Ainsi, l’administrateur et le dirigeant sont solidairement tenus, avec les autres administrateurs et dirigeants de la personne morale et la personne morale elle-même, au paiement du montant dû à moins qu’ils n’établissent avoir fait preuve de prudence et de diligence pour prévenir le manquement qui a donné lieu à cette dette d’argent.
Le législateur québécois a fait preuve d’imagination en établissant aussi une responsabilité administrative pour les administrateurs et dirigeants d’entreprises. En effet, le comportement « fautif » de l’un de ces acteurs peut permettre au ministre de prendre une décision administrative à l’égard de la personne morale telle :
- Un refus de délivrer, modifier ou renouveler une autorisation;
- L’imposition d’une modification; ou
- La suspension ou la révocation d’une autorisation et une opposition à la cession d’une autorisation à une nouvelle entité ou personne.
Les comportements présumés « fautifs » d’un administrateur ou d’un dirigeant peuvent être par exemple :
- La production d’une fausse déclaration ou d’un faux renseignement;
- La commission d’une infraction environnementale au cours des deux dernières années;
- La commission d’un acte criminel au cours des cinq dernières années; et
- Le non-respect d’une loi ou d’un règlement.
Si le ministre décide de prendre une des décisions administratives décrites ci-dessus, il doit donner un préavis de 15 jours avant de permettre la présentation « d’observations » par la personne visée. Il y a aussi un recours possible devant le Tribunal administratif du Québec.
En droit ontarien
Le législateur ontarien a, pour sa part, pris une approche différente en établissant, à l’article 194(1) de Loi sur la protection de l’environnement de l’Ontario, un devoir statutaire pour tout administrateur ou dirigeant d’exercer « toute la prudence raisonnable afin d’empêcher la personne morale de faire ce qui suit : », et le législateur énumère toute une série d’infractions possibles à la loi.

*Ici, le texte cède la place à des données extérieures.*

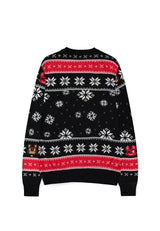 Five Nights at Freddy's Sweater Survived Five Nights (Christmas Jumper) Size L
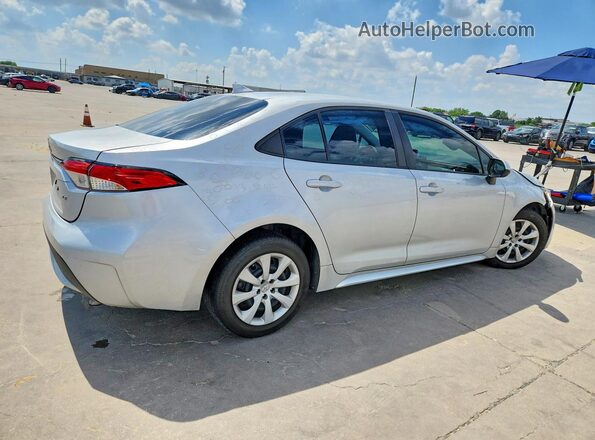 5YFEPMAEXNP376060 2022 TOYOTA COROLLA Silver Rear right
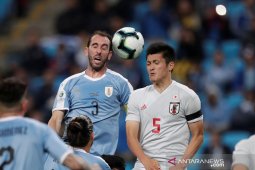 Jepang berhasil tahan imbang Uruguay 2-2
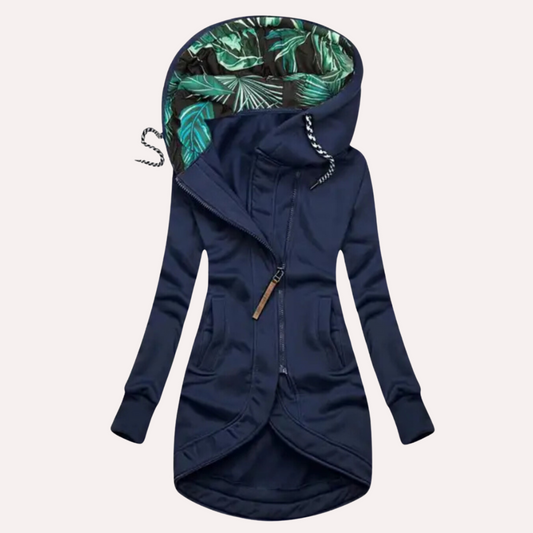 Fleecejas met Kap voor Dames Elegant Design - StudioMarella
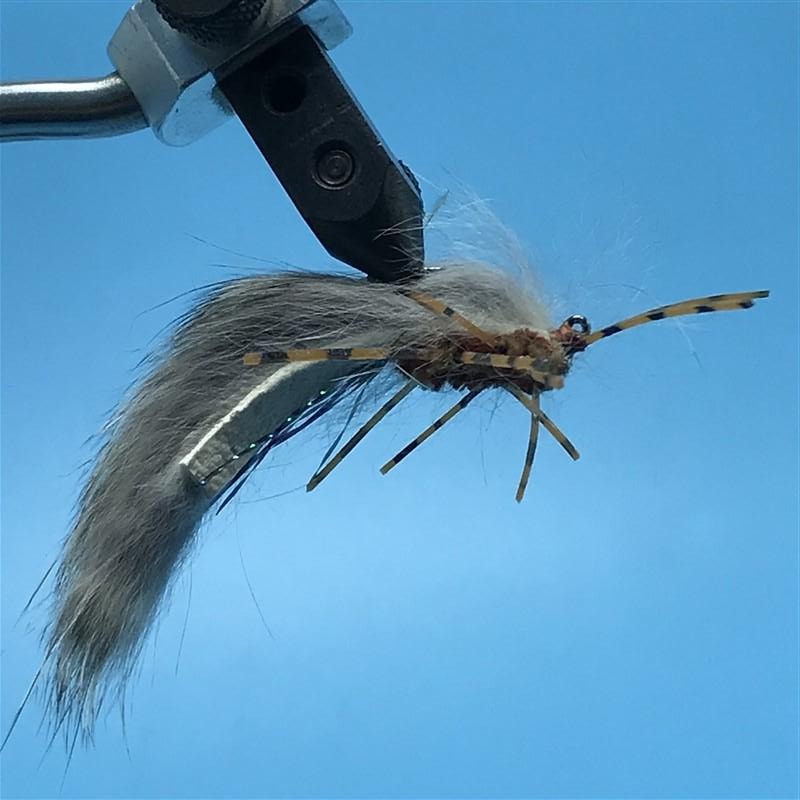 MFC Jig Zirdle Bug Natrual Over Rust/Biege - The Trout Spot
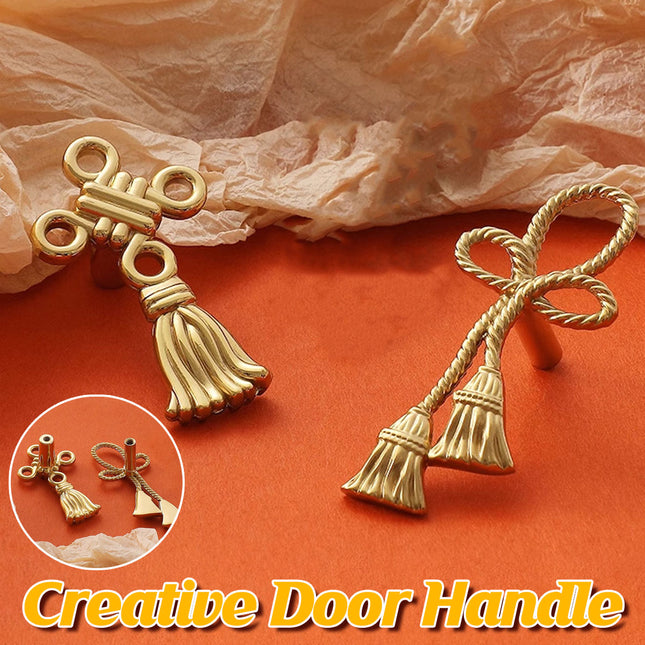 Chinese Decorative Handle Creative Flower Knot Wardrobe Drawer Cabinet Door Pull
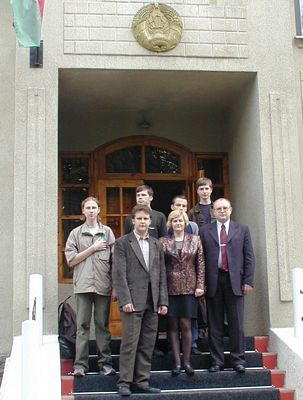 Reception at Belarusian Embassy in Moldova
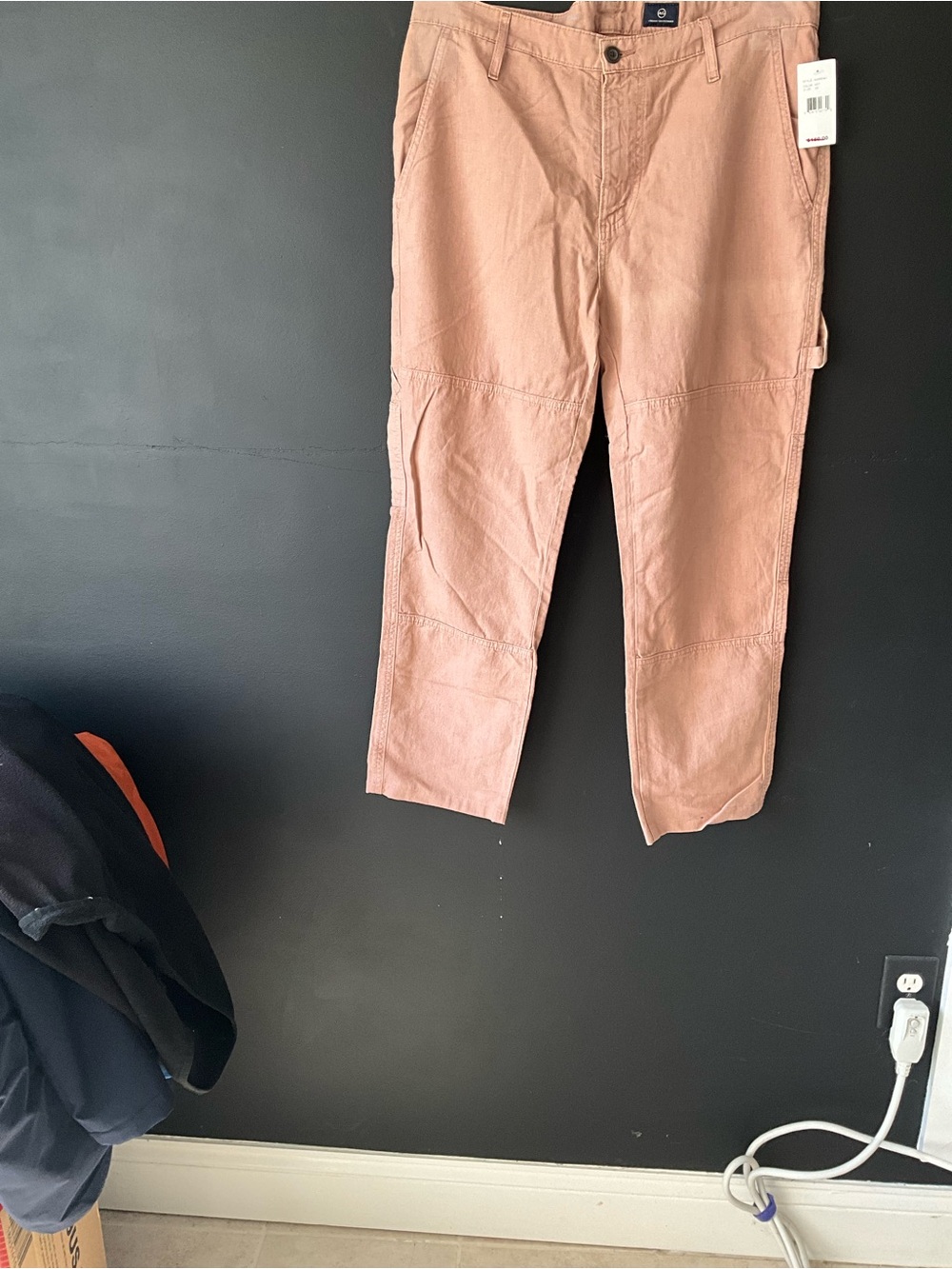 Ag Adriano Goldschmied Relaxed Jeans in Dusty Rose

Tout administrateur ou dirigeant qui omet de s’acquitter de son devoir statutaire peut être poursuivi devant un tribunal de juridiction pénale. Pour se défendre, il lui incombe de prouver qu’il s’est acquitté de ses devoirs relativement à toute contravention commise par la personne morale dont il est l’administrateur ou le dirigeant.
Qu’en est-il du droit fédéral?
En droit fédéral, l’administrateur ou le dirigeant est régi par un régime de responsabilité pénale que l’on pourrait qualifier de « régime de première génération », puisqu’il a été établi en 1991 dans la Loi sur les pêches.
Ce dernier prévoit que l’administrateur, le dirigeant ou le mandataire qui a ordonné, autorisé, consenti ou participé à la commission d’une infraction est considéré comme un « coauteur » de celle-ci et encourt, sur déclaration de culpabilité, l’une des peines prévues par la loi.
Le législateur fédéral a codifié la défense de diligence raisonnable qui permet à l’administrateur ou au dirigeant d’échapper à une déclaration de culpabilité s’il établit qu’il a pris les mesures nécessaires pour empêcher la commission de l’infraction ou qu’il croyait raisonnablement et en toute honnêteté à l’existence de faits qui, avérés, l’innocenteraient.
Le législateur fédéral a inscrit, en 2005, dans la Loi canadienne sur la protection de l’environnement, une obligation de « diligence voulue » qui soumet l’administrateur et le dirigeant d’une entreprise à un devoir positif de faire en sorte que la personne morale se conforme à la loi et aux règlements.
La loi prévoit que celui qui a exercé toute la « diligence voulue » pour empêcher la commission d’une infraction ne sera pas déclaré coupable de l’infraction. Le fardeau de cette démonstration incombe à l’administrateur ou au dirigeant poursuivi.